_Task directions_: Every line of the material below that contains the string "image" must appear in the answer.

_The records_:
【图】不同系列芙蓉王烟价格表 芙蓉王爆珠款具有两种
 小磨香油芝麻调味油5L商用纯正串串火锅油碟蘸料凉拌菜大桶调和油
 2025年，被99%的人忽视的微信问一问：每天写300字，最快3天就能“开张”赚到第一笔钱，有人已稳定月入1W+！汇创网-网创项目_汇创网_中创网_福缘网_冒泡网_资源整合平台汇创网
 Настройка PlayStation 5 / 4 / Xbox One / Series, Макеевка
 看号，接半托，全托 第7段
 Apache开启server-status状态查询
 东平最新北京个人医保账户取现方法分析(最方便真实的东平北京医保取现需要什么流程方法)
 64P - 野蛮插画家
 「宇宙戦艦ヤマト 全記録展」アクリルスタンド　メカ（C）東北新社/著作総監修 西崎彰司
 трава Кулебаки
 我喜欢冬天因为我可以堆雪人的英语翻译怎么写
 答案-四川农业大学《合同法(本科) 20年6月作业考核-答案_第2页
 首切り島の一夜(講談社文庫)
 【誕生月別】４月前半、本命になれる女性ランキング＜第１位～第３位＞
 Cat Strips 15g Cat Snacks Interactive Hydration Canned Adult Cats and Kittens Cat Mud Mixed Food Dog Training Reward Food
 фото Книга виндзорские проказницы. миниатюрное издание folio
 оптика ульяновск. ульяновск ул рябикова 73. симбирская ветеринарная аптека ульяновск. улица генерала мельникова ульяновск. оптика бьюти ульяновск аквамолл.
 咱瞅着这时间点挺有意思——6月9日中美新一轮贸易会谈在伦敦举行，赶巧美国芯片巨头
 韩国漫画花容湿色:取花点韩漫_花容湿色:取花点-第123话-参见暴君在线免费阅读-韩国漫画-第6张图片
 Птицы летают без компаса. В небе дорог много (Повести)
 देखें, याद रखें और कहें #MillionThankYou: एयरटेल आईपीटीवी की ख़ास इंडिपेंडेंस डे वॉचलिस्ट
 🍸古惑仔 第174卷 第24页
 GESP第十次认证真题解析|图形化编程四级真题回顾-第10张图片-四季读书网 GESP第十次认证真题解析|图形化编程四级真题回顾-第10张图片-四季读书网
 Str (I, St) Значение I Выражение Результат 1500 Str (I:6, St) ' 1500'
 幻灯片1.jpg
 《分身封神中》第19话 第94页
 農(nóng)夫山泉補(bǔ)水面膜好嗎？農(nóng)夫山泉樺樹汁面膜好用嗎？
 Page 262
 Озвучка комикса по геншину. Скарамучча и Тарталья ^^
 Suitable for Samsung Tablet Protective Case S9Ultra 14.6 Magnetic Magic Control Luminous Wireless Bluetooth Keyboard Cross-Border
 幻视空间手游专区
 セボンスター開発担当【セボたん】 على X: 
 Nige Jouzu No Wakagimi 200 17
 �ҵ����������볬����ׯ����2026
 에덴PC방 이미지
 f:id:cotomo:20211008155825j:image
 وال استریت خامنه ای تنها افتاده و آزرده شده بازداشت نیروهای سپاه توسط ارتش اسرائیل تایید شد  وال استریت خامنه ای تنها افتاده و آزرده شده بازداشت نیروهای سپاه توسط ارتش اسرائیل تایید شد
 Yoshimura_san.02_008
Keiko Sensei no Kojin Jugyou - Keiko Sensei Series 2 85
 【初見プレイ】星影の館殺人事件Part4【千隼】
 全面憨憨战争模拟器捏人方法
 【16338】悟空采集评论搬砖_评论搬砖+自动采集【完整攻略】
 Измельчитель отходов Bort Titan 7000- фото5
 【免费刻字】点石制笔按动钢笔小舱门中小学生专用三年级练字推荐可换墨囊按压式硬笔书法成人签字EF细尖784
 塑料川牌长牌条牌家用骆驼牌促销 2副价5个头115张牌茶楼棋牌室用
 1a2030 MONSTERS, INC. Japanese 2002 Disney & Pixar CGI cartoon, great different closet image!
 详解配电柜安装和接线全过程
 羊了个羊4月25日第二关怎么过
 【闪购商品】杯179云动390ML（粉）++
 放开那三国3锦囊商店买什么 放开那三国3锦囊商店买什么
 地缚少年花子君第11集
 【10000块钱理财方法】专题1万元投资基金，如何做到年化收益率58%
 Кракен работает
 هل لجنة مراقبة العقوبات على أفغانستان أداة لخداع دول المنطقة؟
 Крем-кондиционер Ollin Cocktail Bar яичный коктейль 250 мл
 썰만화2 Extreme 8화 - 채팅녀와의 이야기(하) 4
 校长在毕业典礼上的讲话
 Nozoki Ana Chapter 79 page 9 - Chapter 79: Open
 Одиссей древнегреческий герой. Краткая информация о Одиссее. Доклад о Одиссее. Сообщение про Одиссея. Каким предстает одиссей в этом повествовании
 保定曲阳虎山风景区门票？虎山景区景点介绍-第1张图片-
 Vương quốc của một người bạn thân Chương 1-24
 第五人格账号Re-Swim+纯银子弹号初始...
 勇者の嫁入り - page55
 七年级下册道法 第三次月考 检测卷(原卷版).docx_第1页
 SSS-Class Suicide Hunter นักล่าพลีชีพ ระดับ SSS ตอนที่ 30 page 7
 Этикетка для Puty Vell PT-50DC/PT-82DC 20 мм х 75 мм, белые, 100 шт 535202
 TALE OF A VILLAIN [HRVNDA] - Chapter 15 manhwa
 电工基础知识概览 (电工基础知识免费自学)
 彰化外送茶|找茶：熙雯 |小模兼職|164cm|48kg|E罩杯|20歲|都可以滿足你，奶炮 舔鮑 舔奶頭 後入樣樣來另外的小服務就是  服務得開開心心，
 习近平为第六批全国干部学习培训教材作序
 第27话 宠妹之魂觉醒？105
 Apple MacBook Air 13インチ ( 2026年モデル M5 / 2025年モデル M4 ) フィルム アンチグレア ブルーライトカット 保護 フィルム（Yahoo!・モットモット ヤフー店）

_Result for this task_:
 f:id:cotomo:20211008155825j:image
 1a2030 MONSTERS, INC. Japanese 2002 Disney & Pixar CGI cartoon, great different closet image!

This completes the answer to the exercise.